Neurological Conditions
Diagnoses of cognitive impairment and dementia follow standard BLSA procedures.21 Diagnoses of Parkinson disease and stroke were based on self-reported information. Resting tremor, muscle tone, and coordination were evaluated by clinicians at clinical visits. Specifically, resting tremor of both hands without counting numbers was first assessed by the examiner. If resting tremor without counting was not observed, participants were asked to count backwards by three starting from 100. Resting tremor with counting of both hands was then assessed by the examiner. Muscle tone of both arms was assessed by the examiner and categorized into normal, spastic, lead pipe only, cogwheeling, and lead pipe and cogwheeling conditions. Coordination was assessed using the finger to nose test and was categorized into normal and abnormal conditions.
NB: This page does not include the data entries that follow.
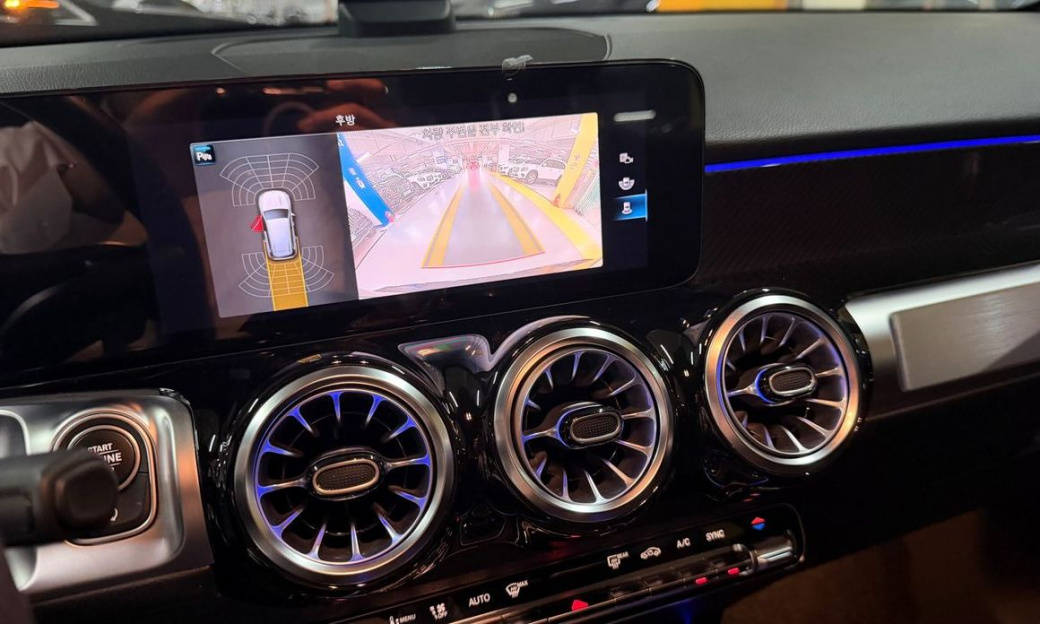 Mercedes-Benz GLB-Class GLB250 4MATIC, 2023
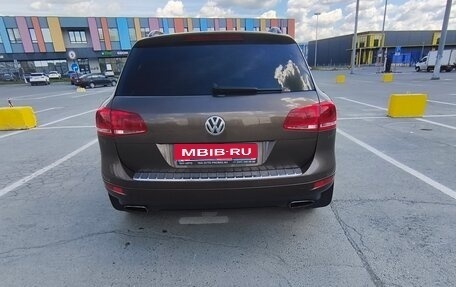 Volkswagen Touareg III, 2011 год, 2 000 000 рублей, 1 фотография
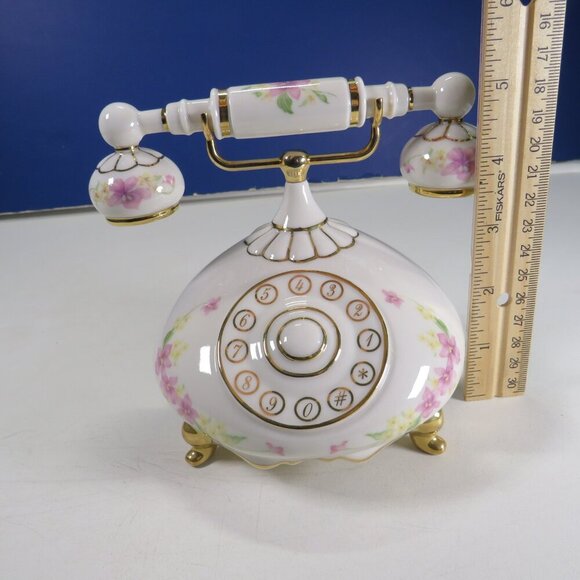 HEIRLOOM PORCELAIN TELEPHONE "HELLO DAUGHTER” Message Of Love - Music Box - Picture 14 of 16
Bimanual Gesture Imitation
Bimanual gesture imitation was assessed using an Ideomotor Apraxia Test (IAT), previously validated in older persons.22 The IAT is designed to be short and easy to perform and score. The IAT consists of three one-hand symbolic gestures and seven bimanual meaningless gestures without tools or objects being used. Each gesture is scored from 0 to 3: immediate success scores 3; spontaneous correction, 2; correction after supplementary explanation, 1; and failure, 0. Because we were particularly interested in bimanual imitation of meaningless gestures, we collected data on imitation of seven bimanual gestures from the original IAT since April 2016. The maximal score is 21, with seven bimanual gestures.
Cognitive Function
Cognitive function measures included verbal memory, executive function, attention, visuospatial ability, and visuoperceptual speed23: verbal memory by California Verbal Learning Test (CVLT) immediate recall score; attention using the Trail Making Test (TMT) part A; executive function using the difference between time to complete TMT part B and part A; visuospatial ability using a card rotation test; visuoperceptual speed using the Digit Symbol Substitution Test (DSST); and language using letter and category fluency. For language, a domain score was computed based on the sample mean and SD. Manual dexterity was measured using the Purdue Pegboard Test.
Olfaction
Olfactory function was measured using a 16-item Sniffin’ Sticks Identification Test.24 To eliminate a learning effect, two different versions of the olfactory test were alternated during follow-up.
Motor Function
Upper extremity motor function was measured using a computer-based finger tapping test. For simple tapping, participants were instructed to tap their index finger of the dominant or nondominant hand for 10 seconds as quickly as possible, for three separate trials. For complex tapping, participants were instructed to tap the index of finger of two hands alternately for 10 seconds as quickly as possible, also for three separate trials. The average time per tap across the three trials was used for analysis.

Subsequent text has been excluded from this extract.